> What the task asks:
The listing below holds a line with "Casa à venda com 136m², 3 quartos e sem vaga Casa" and a line with "DISEWAKAN 2BEDROOM FURNISH". Reproduce those two lines exactly, plus everything between them.

> Data for analysis:
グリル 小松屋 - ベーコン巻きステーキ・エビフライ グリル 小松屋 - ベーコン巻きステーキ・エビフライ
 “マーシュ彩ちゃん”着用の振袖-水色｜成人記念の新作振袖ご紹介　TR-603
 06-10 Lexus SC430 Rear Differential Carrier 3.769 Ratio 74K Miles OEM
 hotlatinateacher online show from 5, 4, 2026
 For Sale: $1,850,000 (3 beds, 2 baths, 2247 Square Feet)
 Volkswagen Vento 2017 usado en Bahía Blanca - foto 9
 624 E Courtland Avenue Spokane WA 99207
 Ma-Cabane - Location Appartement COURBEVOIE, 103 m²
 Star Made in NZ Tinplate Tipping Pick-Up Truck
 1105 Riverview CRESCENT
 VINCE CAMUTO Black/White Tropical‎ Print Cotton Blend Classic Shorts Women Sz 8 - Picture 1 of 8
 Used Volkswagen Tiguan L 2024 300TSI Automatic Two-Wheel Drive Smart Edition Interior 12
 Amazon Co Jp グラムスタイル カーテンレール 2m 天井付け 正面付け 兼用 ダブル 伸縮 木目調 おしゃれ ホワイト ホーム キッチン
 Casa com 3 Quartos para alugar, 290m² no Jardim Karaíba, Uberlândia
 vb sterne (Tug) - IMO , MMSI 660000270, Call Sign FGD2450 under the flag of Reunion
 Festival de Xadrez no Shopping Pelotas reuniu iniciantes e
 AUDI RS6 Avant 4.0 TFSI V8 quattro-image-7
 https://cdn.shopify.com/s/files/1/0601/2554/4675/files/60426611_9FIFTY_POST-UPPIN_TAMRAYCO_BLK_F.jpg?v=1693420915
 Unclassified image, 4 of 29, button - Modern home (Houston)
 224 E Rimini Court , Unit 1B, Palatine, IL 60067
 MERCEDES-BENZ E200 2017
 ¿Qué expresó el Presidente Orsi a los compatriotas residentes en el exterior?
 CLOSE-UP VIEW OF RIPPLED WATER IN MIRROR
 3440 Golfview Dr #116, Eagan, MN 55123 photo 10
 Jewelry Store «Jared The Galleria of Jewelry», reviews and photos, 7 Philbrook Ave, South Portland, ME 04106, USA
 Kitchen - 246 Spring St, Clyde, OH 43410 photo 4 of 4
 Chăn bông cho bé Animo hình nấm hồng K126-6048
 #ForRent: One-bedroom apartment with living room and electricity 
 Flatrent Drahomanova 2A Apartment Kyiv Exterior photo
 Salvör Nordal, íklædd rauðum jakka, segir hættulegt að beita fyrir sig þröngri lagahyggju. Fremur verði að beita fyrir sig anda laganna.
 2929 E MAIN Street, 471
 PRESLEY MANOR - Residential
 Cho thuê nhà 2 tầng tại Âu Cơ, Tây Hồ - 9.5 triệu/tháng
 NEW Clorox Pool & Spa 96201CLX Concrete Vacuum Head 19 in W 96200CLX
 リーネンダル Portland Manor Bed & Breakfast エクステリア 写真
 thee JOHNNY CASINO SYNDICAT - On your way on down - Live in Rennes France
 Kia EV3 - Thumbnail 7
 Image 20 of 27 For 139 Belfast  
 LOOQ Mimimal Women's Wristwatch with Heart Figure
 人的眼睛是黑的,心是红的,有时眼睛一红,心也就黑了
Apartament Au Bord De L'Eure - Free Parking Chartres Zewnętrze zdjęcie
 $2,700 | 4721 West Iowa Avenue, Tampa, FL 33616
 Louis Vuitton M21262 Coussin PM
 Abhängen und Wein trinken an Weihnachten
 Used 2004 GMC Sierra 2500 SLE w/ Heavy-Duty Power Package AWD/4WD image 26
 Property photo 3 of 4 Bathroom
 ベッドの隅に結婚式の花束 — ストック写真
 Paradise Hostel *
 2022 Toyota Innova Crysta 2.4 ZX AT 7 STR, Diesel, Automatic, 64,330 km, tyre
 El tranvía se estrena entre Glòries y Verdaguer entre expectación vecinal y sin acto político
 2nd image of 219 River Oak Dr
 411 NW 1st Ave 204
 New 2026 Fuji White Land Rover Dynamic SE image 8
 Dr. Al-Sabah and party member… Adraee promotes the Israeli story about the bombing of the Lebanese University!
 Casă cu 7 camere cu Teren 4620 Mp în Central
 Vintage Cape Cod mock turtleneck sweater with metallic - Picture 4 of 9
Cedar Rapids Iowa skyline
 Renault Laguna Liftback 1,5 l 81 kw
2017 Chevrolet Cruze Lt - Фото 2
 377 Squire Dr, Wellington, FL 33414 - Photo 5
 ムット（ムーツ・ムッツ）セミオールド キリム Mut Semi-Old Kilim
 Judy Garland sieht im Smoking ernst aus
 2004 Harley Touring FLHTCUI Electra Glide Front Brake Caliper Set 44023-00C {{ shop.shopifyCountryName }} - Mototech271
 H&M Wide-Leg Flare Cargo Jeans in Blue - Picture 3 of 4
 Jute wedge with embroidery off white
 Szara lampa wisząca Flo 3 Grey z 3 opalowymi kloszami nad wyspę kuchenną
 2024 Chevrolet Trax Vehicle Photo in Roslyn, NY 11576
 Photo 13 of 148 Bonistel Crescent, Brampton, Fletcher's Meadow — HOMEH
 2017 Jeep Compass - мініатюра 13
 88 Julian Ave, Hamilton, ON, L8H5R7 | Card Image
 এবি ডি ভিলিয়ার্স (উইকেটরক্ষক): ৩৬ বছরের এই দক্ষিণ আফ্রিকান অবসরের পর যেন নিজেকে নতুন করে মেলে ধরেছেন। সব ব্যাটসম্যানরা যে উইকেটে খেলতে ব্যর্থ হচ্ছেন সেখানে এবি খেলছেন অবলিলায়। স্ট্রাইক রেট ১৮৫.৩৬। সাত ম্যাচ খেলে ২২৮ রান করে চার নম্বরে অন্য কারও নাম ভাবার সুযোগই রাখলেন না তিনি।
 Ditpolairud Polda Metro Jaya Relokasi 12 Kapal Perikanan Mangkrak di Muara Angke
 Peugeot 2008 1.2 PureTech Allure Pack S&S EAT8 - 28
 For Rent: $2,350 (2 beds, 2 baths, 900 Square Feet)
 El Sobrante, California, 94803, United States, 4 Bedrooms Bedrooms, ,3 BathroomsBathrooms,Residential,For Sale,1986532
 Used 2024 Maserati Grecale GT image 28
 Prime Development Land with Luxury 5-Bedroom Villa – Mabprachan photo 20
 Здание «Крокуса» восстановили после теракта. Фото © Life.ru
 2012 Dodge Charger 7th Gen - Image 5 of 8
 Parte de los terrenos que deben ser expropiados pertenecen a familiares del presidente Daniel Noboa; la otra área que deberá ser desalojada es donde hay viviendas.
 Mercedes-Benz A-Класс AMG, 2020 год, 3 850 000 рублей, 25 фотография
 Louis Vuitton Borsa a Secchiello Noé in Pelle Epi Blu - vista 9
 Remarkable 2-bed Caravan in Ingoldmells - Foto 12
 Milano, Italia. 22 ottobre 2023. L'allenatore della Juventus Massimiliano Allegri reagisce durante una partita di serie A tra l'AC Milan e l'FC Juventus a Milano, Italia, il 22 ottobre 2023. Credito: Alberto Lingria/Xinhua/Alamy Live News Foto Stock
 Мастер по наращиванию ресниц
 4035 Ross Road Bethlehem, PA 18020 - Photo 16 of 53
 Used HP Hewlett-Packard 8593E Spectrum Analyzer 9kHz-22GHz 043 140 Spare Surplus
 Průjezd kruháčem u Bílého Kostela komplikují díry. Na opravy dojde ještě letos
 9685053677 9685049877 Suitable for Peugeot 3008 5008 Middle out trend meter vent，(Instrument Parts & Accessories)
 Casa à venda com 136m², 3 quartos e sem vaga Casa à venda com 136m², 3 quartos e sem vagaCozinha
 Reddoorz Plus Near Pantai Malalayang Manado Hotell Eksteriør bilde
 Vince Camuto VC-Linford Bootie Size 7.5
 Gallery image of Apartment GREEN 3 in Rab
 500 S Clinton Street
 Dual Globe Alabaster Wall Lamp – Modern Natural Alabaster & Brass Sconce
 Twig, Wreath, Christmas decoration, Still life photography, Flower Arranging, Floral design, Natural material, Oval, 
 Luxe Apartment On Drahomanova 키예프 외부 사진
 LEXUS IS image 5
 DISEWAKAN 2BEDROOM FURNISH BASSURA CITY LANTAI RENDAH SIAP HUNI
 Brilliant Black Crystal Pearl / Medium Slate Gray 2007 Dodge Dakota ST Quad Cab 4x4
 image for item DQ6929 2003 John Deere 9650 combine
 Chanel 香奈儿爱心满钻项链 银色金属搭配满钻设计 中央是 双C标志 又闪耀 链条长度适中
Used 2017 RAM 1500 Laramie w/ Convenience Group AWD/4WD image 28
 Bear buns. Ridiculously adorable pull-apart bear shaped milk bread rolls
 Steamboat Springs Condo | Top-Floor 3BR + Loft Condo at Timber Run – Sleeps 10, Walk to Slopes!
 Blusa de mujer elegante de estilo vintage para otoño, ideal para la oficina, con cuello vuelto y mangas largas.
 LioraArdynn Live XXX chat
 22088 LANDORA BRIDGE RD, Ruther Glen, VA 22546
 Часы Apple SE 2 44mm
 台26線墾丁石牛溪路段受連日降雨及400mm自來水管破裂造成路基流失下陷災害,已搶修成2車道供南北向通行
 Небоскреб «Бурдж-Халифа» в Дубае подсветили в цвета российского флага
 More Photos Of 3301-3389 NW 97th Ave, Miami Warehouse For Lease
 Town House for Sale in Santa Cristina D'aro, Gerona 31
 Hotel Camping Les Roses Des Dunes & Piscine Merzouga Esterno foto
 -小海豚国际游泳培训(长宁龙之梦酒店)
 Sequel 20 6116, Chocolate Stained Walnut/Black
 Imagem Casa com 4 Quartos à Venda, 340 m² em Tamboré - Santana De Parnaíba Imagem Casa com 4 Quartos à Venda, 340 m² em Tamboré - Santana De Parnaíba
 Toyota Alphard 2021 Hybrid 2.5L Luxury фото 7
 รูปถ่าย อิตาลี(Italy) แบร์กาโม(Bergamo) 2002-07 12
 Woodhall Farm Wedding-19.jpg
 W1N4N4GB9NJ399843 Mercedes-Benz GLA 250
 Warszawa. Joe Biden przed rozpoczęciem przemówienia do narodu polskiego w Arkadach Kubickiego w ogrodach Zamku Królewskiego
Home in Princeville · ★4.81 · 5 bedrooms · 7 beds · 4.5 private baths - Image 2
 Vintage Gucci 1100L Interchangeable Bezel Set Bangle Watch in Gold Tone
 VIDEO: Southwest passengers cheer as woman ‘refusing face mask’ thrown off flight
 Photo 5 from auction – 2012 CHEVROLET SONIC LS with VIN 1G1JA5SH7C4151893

> Answer section:
 Casa à venda com 136m², 3 quartos e sem vaga Casa à venda com 136m², 3 quartos e sem vagaCozinha
 Reddoorz Plus Near Pantai Malalayang Manado Hotell Eksteriør bilde
 Vince Camuto VC-Linford Bootie Size 7.5
 Gallery image of Apartment GREEN 3 in Rab
 500 S Clinton Street
 Dual Globe Alabaster Wall Lamp – Modern Natural Alabaster & Brass Sconce
 Twig, Wreath, Christmas decoration, Still life photography, Flower Arranging, Floral design, Natural material, Oval, 
 Luxe Apartment On Drahomanova 키예프 외부 사진
 LEXUS IS image 5
 DISEWAKAN 2BEDROOM FURNISH BASSURA CITY LANTAI RENDAH SIAP HUNI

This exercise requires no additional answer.